** Opening The data block **

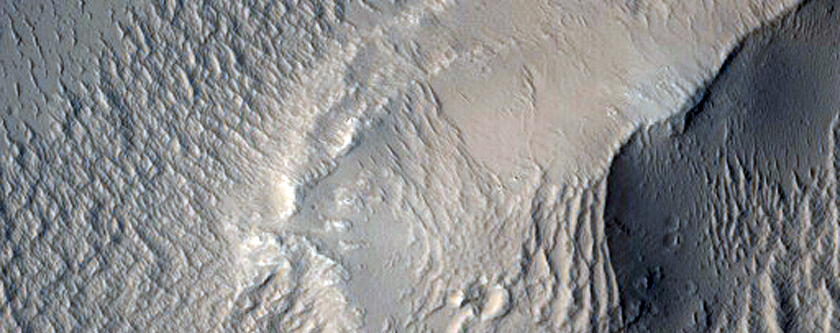 Valleys Cut across Northern Lycus Sulci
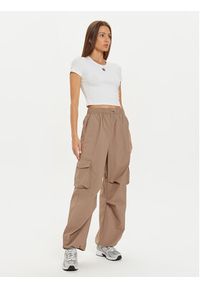 New Balance Spodnie dresowe WP43534 Beżowy Relaxed Fit. Kolor: beżowy. Materiał: syntetyk #4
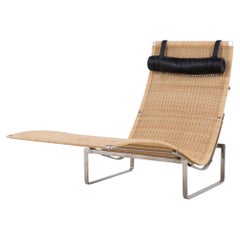 PK 24 - Chaise longue in wicker by Poul Kjærholm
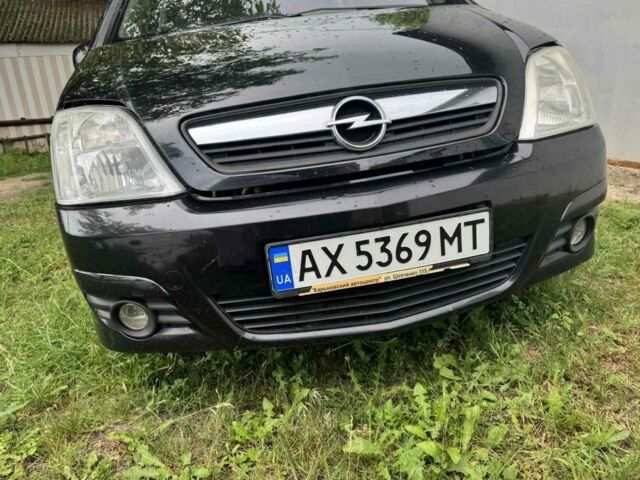 Черный Опель Мерива, объемом двигателя 1.6 л и пробегом 147 тыс. км за 4950 $, фото 1 на Automoto.ua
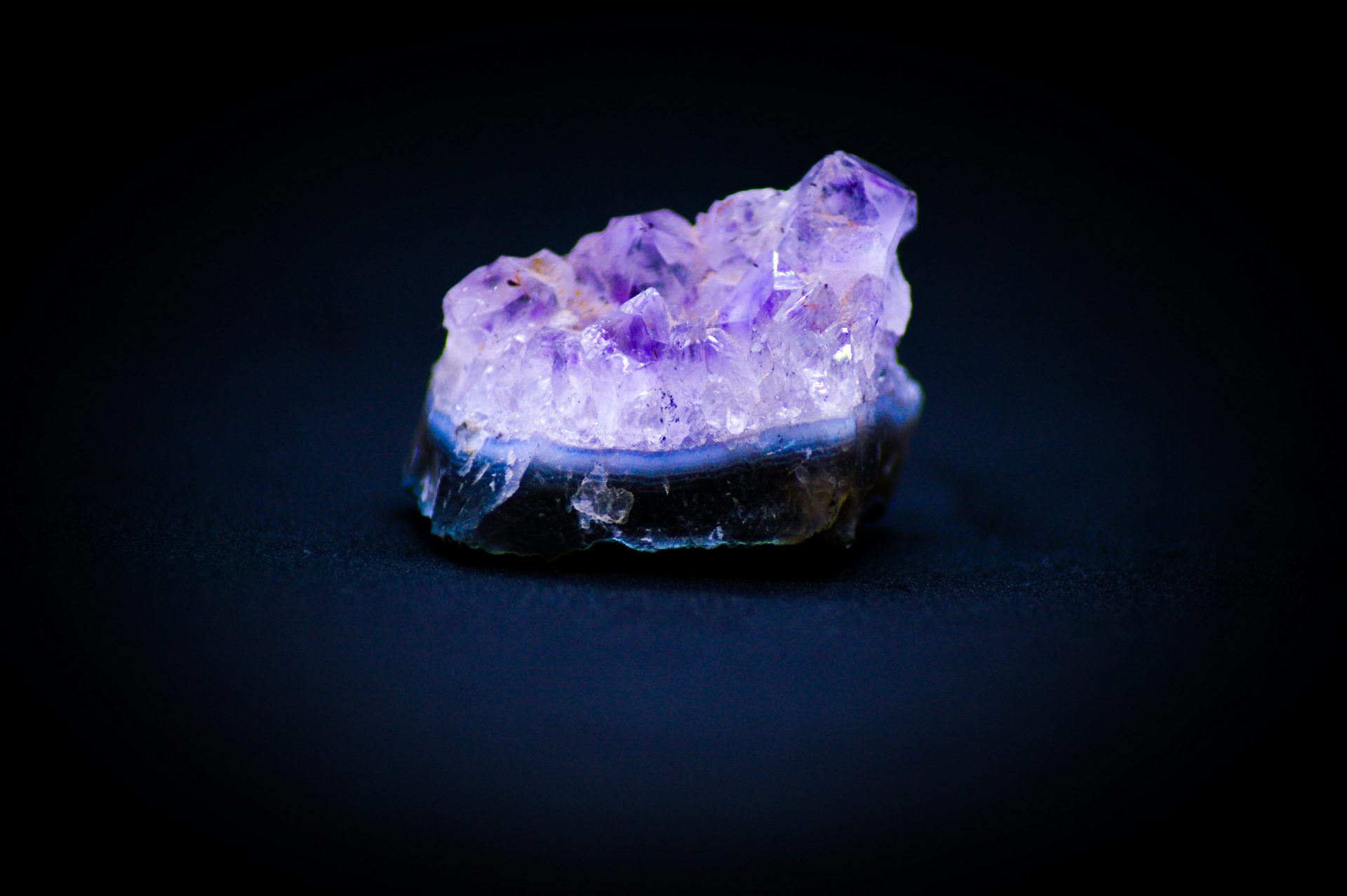 A cluster of purple crystals sitting on top of a table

** Closing The data block **

Task instructions:
Begin with the line that has "New Balance Spodnie" and continue to the last line of the entries, printing each line exactly and nothing else; include both ends and skip the pictures.

Answer to this task:
 New Balance Spodnie dresowe WP43534 Beżowy Relaxed Fit. Kolor: beżowy. Materiał: syntetyk #4
 PK 24 - Chaise longue in wicker by Poul Kjærholm
 Черный Опель Мерива, объемом двигателя 1.6 л и пробегом 147 тыс. км за 4950 $, фото 1 на Automoto.ua
 A cluster of purple crystals sitting on top of a table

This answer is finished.